## EXERCISE DIRECTIONS
Could you retype every entry below exactly as written?

## PROVIDED DATA
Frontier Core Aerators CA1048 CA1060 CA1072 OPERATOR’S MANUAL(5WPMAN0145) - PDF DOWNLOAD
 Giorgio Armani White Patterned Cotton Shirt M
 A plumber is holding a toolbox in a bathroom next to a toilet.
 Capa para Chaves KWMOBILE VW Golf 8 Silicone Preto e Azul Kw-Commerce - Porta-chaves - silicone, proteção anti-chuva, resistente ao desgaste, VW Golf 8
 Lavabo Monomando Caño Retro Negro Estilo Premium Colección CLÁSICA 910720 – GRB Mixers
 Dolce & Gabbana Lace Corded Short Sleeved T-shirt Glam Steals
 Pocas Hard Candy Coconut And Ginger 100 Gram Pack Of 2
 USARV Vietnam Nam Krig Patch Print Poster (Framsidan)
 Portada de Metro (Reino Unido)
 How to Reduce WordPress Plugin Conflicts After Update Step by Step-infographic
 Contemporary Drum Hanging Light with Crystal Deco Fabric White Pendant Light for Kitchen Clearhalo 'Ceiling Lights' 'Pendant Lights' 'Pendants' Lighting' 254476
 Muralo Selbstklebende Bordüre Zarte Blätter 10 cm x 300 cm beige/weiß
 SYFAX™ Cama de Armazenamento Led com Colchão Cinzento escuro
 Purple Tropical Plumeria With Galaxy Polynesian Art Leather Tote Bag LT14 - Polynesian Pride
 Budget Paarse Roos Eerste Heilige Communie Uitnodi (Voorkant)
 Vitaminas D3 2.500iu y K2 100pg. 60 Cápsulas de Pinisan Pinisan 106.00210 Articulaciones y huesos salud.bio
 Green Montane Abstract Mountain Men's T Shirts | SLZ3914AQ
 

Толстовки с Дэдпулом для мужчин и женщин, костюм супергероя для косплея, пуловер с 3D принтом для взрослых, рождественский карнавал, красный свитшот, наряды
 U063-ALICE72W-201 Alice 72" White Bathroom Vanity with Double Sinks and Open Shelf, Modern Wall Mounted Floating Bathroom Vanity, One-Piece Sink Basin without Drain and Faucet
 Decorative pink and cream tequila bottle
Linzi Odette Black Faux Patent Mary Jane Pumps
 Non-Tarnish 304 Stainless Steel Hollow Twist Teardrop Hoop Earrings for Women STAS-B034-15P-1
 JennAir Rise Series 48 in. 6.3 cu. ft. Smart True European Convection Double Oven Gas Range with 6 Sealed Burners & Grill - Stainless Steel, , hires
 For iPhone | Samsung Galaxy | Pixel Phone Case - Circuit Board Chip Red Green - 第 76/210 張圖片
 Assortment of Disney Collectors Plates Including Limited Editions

## EXERCISE RESPONSE
Frontier Core Aerators CA1048 CA1060 CA1072 OPERATOR’S MANUAL(5WPMAN0145) - PDF DOWNLOAD
 Giorgio Armani White Patterned Cotton Shirt M
 A plumber is holding a toolbox in a bathroom next to a toilet.
 Capa para Chaves KWMOBILE VW Golf 8 Silicone Preto e Azul Kw-Commerce - Porta-chaves - silicone, proteção anti-chuva, resistente ao desgaste, VW Golf 8
 Lavabo Monomando Caño Retro Negro Estilo Premium Colección CLÁSICA 910720 – GRB Mixers
 Dolce & Gabbana Lace Corded Short Sleeved T-shirt Glam Steals
 Pocas Hard Candy Coconut And Ginger 100 Gram Pack Of 2
 USARV Vietnam Nam Krig Patch Print Poster (Framsidan)
 Portada de Metro (Reino Unido)
 How to Reduce WordPress Plugin Conflicts After Update Step by Step-infographic
 Contemporary Drum Hanging Light with Crystal Deco Fabric White Pendant Light for Kitchen Clearhalo 'Ceiling Lights' 'Pendant Lights' 'Pendants' Lighting' 254476
 Muralo Selbstklebende Bordüre Zarte Blätter 10 cm x 300 cm beige/weiß
 SYFAX™ Cama de Armazenamento Led com Colchão Cinzento escuro
 Purple Tropical Plumeria With Galaxy Polynesian Art Leather Tote Bag LT14 - Polynesian Pride
 Budget Paarse Roos Eerste Heilige Communie Uitnodi (Voorkant)
 Vitaminas D3 2.500iu y K2 100pg. 60 Cápsulas de Pinisan Pinisan 106.00210 Articulaciones y huesos salud.bio
 Green Montane Abstract Mountain Men's T Shirts | SLZ3914AQ
 

Толстовки с Дэдпулом для мужчин и женщин, костюм супергероя для косплея, пуловер с 3D принтом для взрослых, рождественский карнавал, красный свитшот, наряды
 U063-ALICE72W-201 Alice 72" White Bathroom Vanity with Double Sinks and Open Shelf, Modern Wall Mounted Floating Bathroom Vanity, One-Piece Sink Basin without Drain and Faucet
 Decorative pink and cream tequila bottle
Linzi Odette Black Faux Patent Mary Jane Pumps
 Non-Tarnish 304 Stainless Steel Hollow Twist Teardrop Hoop Earrings for Women STAS-B034-15P-1
 JennAir Rise Series 48 in. 6.3 cu. ft. Smart True European Convection Double Oven Gas Range with 6 Sealed Burners & Grill - Stainless Steel, , hires
 For iPhone | Samsung Galaxy | Pixel Phone Case - Circuit Board Chip Red Green - 第 76/210 張圖片
 Assortment of Disney Collectors Plates Including Limited Editions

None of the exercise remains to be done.